How long does a moment last?
No, it’s not the opening of a romantic novel or a prompt for mindfulness meditation; I’ve been wondering because of the recent news coverage of the e-bike crash in Cardiff.
Numerous news outlets accompanied CCTV footage of the bike being followed by a police van with the statement that it was filmed ‘moments’ before the collision, even though the actual crash site was half a mile away and the published timelines suggest an elapsed time of roughly 90 seconds to two minutes - long enough for the riders to evade the police by passing through pedestrian-only access to another street where the van could not follow.
Oddly enough, a ‘moment’ was once formally recognised as one-fortieth of a solar hour, which averages out at 90 seconds (medieval Europeans, following the practice of Ancient Rome, divided the time between sunrise and sunset to give 12 hours, the length of which varied according to the season). The advent of mechanical clocks made the unit obsolete but the word endured, if in a more flexible sense.
These days, you are most likely to encounter it in phrases like “take a moment to consider...”, “the moment of truth” or “he hesitated for a moment on the edge...” and in the word ‘momentary’; substitute ‘90 seconds’ in any of these and they lose their implied fleeting nature (this also seems as good a place as any to cite the somewhat disturbing landing announcement from USA airline pilots; “We expect to be on the ground momentarily”).
Consciously or not, I suspect that most viewers or readers would understand from today’s usage that ‘moments’ implies a matter of seconds, not a minute and a half or more, yet multiple news reports - including the BBC TV news at 6 and 10 - persisted in using the word to accompany the images, effectively suggesting that the police van was in close proximity to the bike when the fatalities occurred (interestingly, the Mail altered it to ‘minutes’ some time after publication). There have been other subtle linguistic variations too; the words ‘chased’ and ‘pursued’ appear in most sources, while a relative few have gone with ‘followed’ and ‘tailed’ (surely more accurate, given the lack of lights and sirens in the broadcast clips).
It’s often hard to tell whether the wording of reports is original or the result of the common ‘churnalism’ method of recycling the output of other news sources. Even allowing for this, the prevalence of words like ‘chase’ and ‘pursuit’ suggests there may be an agenda at work, particularly given the widespread media use of a photo from 2016 showing the boys as young children (and, gruesomely, bearing more than a passing resemblance to the widely published picture of the two 10-year-old girls whose murders in Soham sparked a massive outpouring of national grief in 2002) rather than their more up-to-date images, artfully costumed and posed to suggest gangland culture.

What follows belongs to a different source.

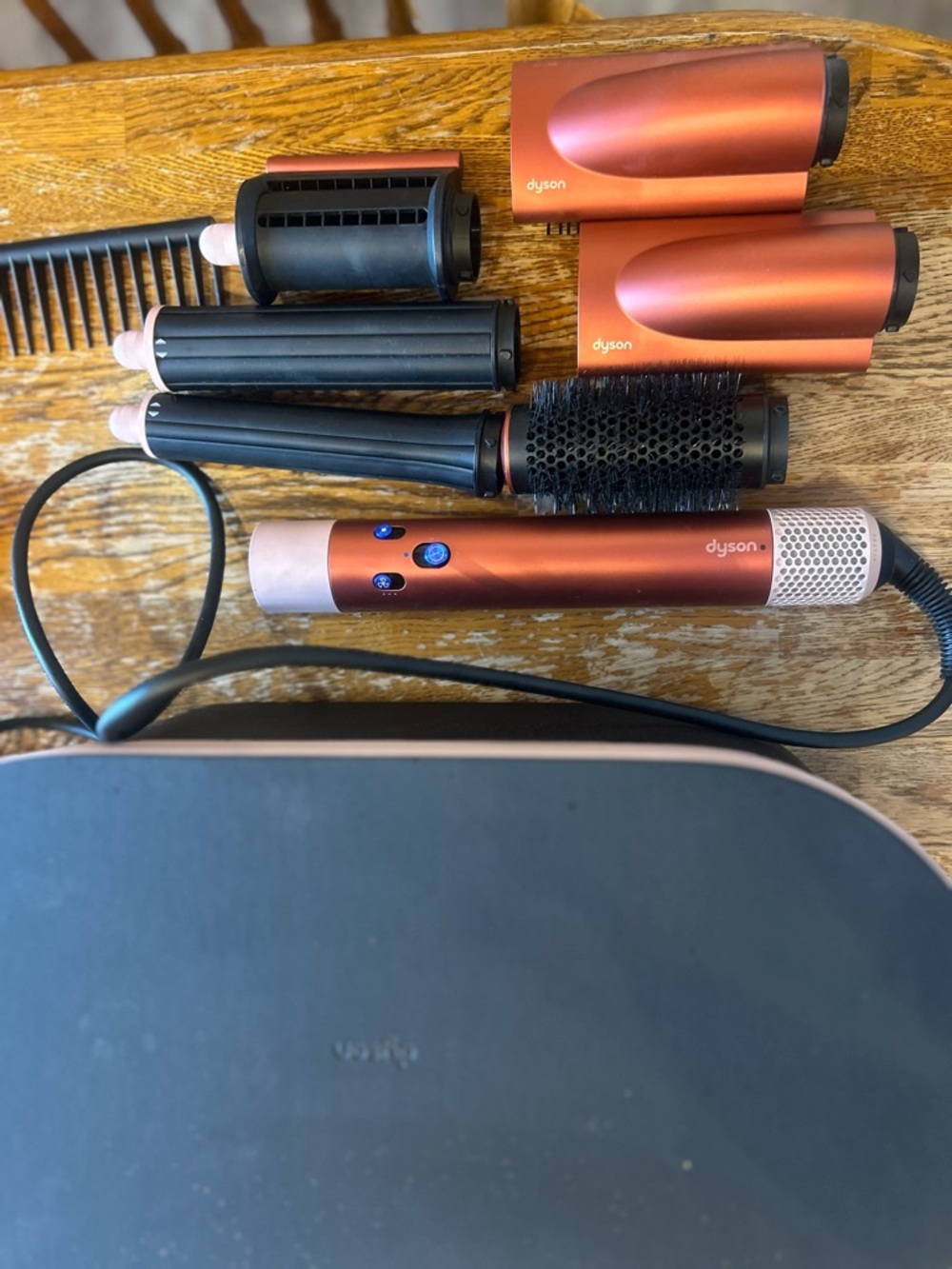 Dyson Airwrap multi-styler attachments in metallic copper and rose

It’s fair to say that Britain’s police as a whole have not exactly covered themselves in glory recently (although, as with any public institution - including my own field, education - I feel one should say a word on behalf of the many decent and conscientious souls trying to do a good job amid the furore) and it would appear that the media have decided upon a role as self-appointed instruments of retribution, spurred on, in some cases, by a spurious conflation of police and government. Since the general public are often inclined to emote first and ask questions later (if at all), this strikes me as intentionally playing with fire.
It’s a known fact that hot summers produce civil unrest and we have a population smarting under the legacy of lockdown and the high cost of living and primed by constant provocation and grievance-mongering in the media - social and otherwise. Just at the point when we need to be able to call on a strong force to protect law and order (or life and property), there seems to be a concerted effort at work to undermine the last shreds of authority vested in the police - an effort on the part of the very (and possibly only) organisations with a great deal to gain in the event of mass disorder.